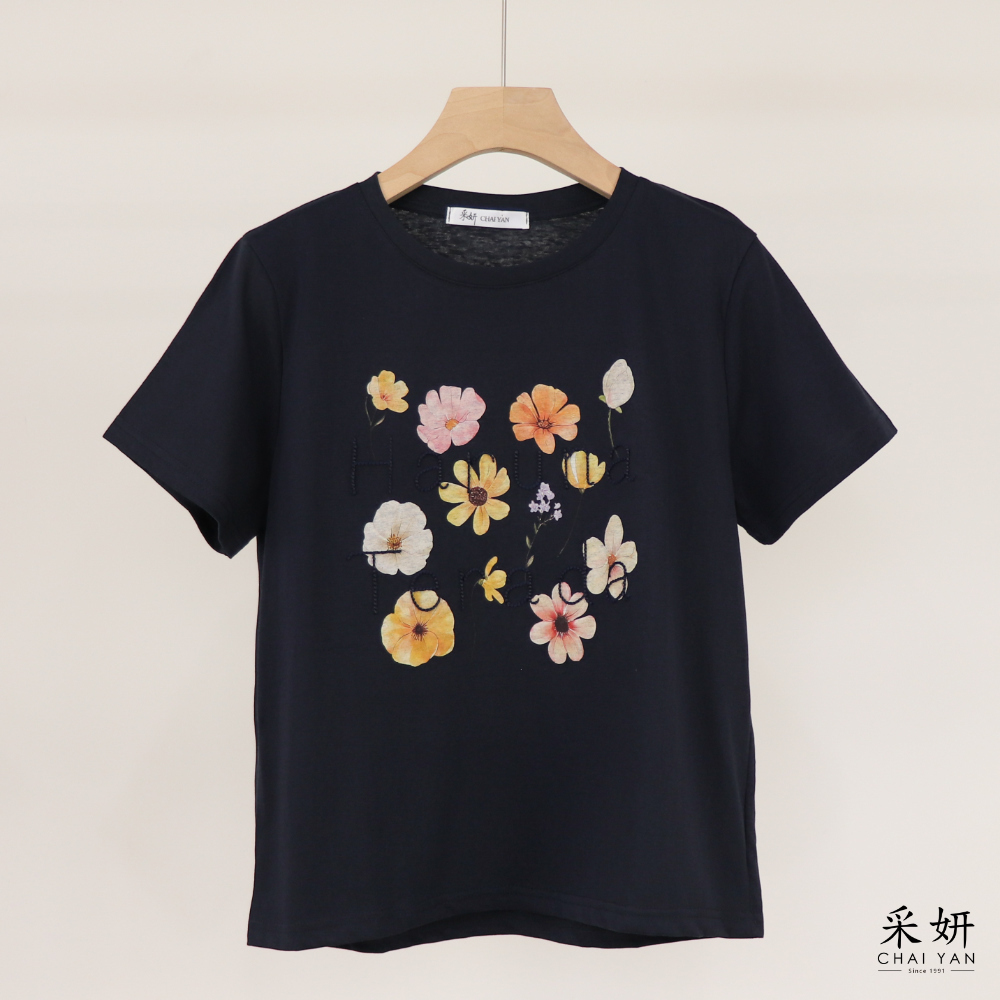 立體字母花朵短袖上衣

*-*-*

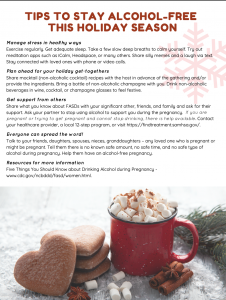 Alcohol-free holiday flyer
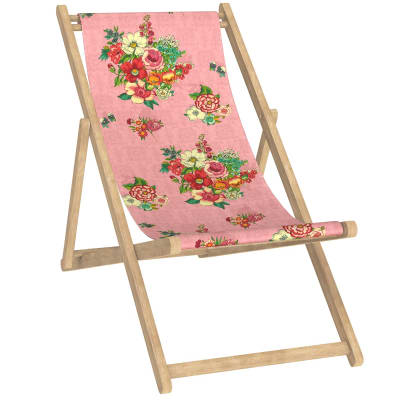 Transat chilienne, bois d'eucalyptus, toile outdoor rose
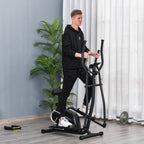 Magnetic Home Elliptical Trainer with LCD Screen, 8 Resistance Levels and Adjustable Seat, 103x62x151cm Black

*-*-*

### What the exercise asks
Reproduce, exactly and only, the lines of the records above starting at the line with "Transat chilienne, bois" and ending at the line with "Magnetic Home Elliptical", both included. Leave every picture out.

### Written answer
 Transat chilienne, bois d'eucalyptus, toile outdoor rose
 Magnetic Home Elliptical Trainer with LCD Screen, 8 Resistance Levels and Adjustable Seat, 103x62x151cm Black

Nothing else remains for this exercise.